There have been no complaints about marriage celebrants refusing to perform gay weddings, it has been revealed.

But it appears that's because the Department of Internal Affairs has refused to approve applications from would-be independent celebrants that refuse to carry them out.

Forty-seven applicants have been rejected since September 2015, according to documents released under the Official Information Act to conservative lobby group Family First.

Under the law, organisational marriage celebrants aren't required to carry out gay weddings if it contravenes their religious beliefs. Independent marriage celebrants however "must make themselves available to all persons legally able to marry in New Zealand and cannot refuse to solemnise any marriage due to reasons it would contravene the Human Rights Act 1993".

Family First director Bob McCoskrie said the documents contradict claims made by Labour MP Louisa Wall, who introduced the same-sex legislation through Parliament, that celebrants wouldn't be made to carry out same-sex weddings if they didn't want to.

"When the Bill was rushed through to its final reading, it still did not protect the consciences of independent marriage celebrants who are not lawfully able to refuse a request to marry a same-sex couple by reason of the same-sex of the couple.

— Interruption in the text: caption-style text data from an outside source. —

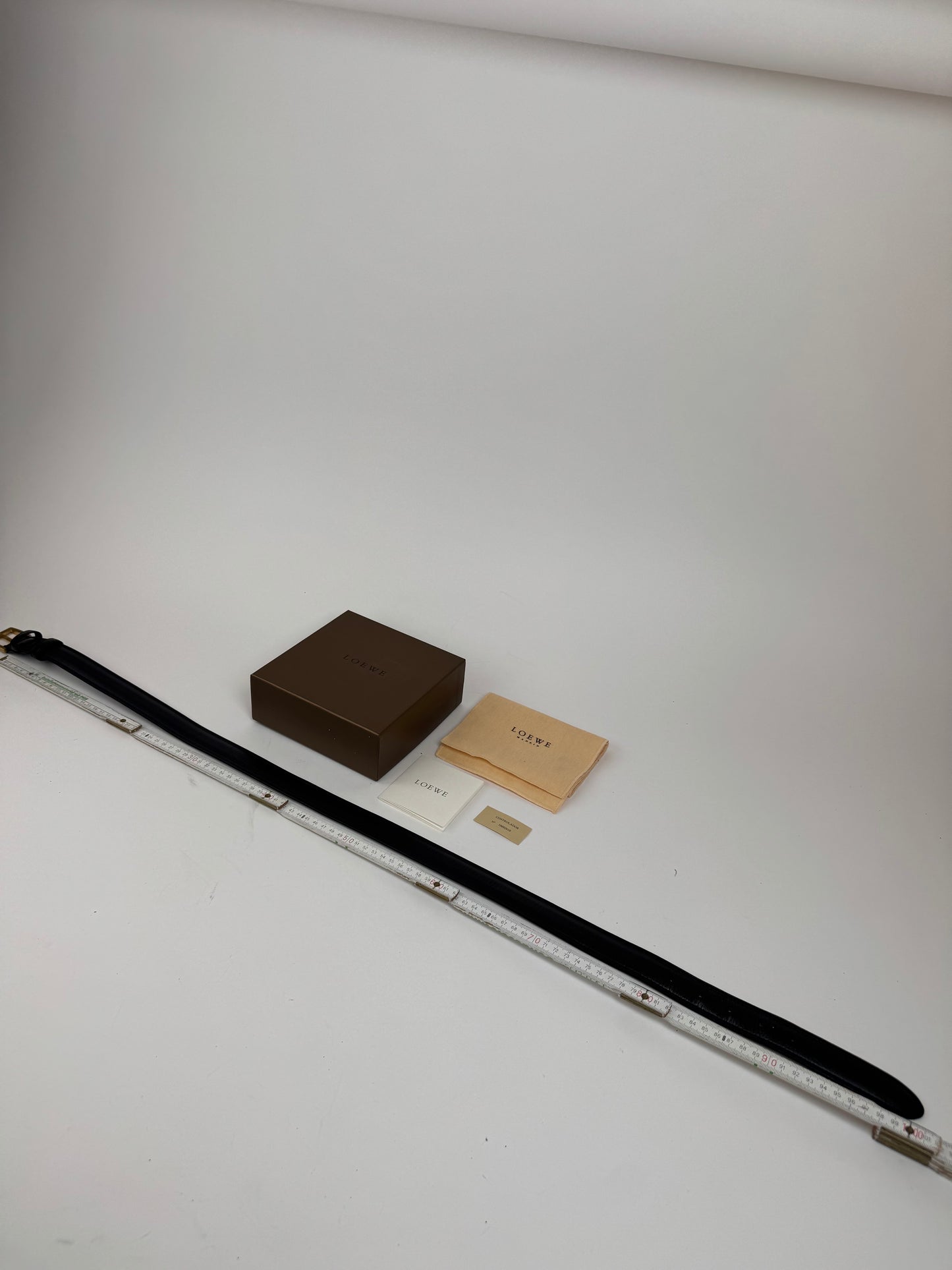 Vintage Loewe Madrid Leather Belt black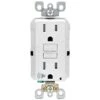 Leviton 15 Amps 125 V White Audible Outlet 5-15R 1 Pk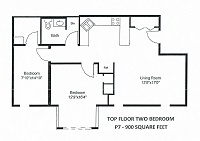 2 Bedroom Remodeled Penthouse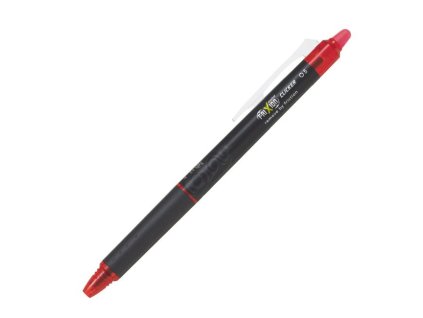 Roller gumovací PILOT Frixion clicker R, 0,5 mm červená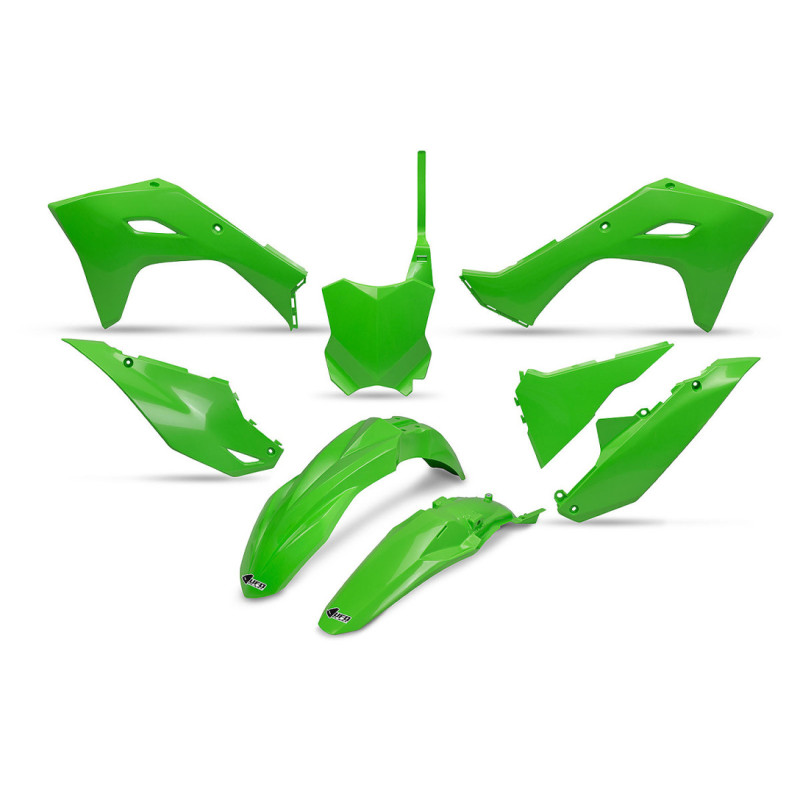 UFO KOMPLET PLASTIKÓW KXF 250 '25, KXF 450'24-'26, KX 450X '24-'26 KOLOR OEM ZIELONY
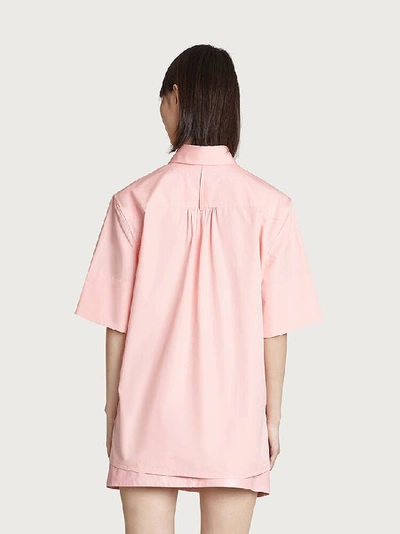 Shop Ferragamo Relaxed Short Sleeved Shirt In Pink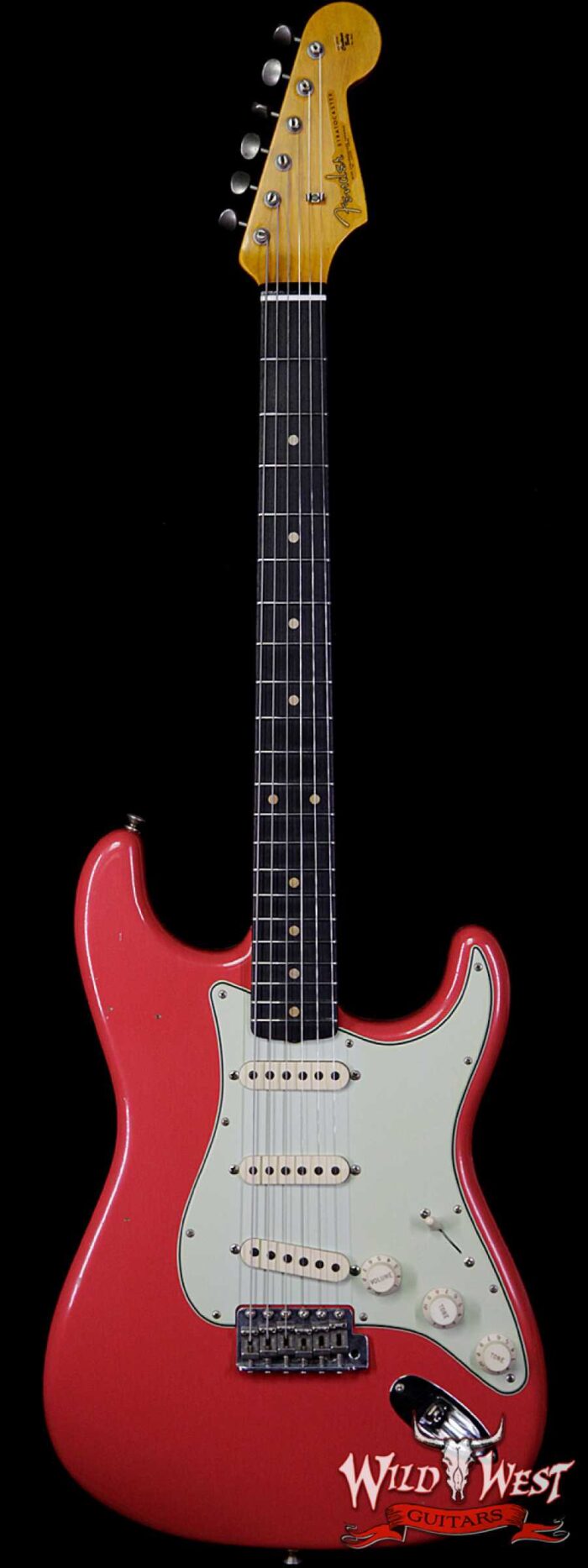 Fender Custom Shop 1961 Stratocaster Journeyman Relic with Dirty Neck Fiesta Red - Image 1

"This law currently provides a culture of coercion. Politicians who support the right of freedom of belief and conviction should fix the anomaly."

The Registrar-General of Births, Deaths and Marriages Jeff Montgomery told Fairfax independent celebrants are "providing a public service, and they are acting on behalf of the Government and are required to comply with the Marriages Act and other relevant legislation", including the Human Rights Act.

"If they are not willing to comply with the Human Right Act, ie they will choose to discriminate against certain members of the public, then I can't appoint them."

No organisational marriage celebrants - which are usually nominated by churches - have had their applications rejected in the past two years, he said, adding that they are not required to carry out gay marriages if they don't want to.